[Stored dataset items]
=== Begin Enclosure ===
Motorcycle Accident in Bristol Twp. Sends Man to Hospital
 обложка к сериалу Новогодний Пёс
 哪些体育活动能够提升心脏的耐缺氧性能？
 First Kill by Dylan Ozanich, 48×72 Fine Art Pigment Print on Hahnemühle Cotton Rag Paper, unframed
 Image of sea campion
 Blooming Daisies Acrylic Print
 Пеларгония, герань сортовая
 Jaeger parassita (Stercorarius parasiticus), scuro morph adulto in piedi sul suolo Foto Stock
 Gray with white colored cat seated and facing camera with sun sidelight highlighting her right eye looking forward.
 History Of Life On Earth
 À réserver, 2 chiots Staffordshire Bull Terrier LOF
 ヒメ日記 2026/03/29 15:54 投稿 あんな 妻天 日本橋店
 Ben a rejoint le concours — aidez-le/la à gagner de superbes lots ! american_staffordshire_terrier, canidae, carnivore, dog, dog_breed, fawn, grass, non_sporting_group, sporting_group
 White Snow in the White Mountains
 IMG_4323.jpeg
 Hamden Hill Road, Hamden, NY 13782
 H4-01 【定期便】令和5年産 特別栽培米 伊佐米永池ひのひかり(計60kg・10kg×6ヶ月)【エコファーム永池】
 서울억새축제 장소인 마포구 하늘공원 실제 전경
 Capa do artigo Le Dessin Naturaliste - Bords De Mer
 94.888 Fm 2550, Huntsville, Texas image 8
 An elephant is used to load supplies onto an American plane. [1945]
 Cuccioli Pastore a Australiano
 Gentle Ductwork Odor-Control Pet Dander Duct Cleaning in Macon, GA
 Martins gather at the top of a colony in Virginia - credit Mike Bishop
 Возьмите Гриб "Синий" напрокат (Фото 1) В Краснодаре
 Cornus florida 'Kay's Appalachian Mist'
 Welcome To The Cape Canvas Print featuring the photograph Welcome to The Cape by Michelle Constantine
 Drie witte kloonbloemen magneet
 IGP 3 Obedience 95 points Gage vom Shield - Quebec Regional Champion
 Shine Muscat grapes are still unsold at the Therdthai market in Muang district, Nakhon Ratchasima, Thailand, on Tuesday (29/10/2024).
=== End Enclosure ===
▶ **Problem requirements**:
Proceeding from the line containing "An elephant is" through the line containing "1) В Краснодаре", transcribe the lines above exactly, both end lines included.

▶ **Result of the exercise**:
 An elephant is used to load supplies onto an American plane. [1945]
 Cuccioli Pastore a Australiano
 Gentle Ductwork Odor-Control Pet Dander Duct Cleaning in Macon, GA
 Martins gather at the top of a colony in Virginia - credit Mike Bishop
 Возьмите Гриб "Синий" напрокат (Фото 1) В Краснодаре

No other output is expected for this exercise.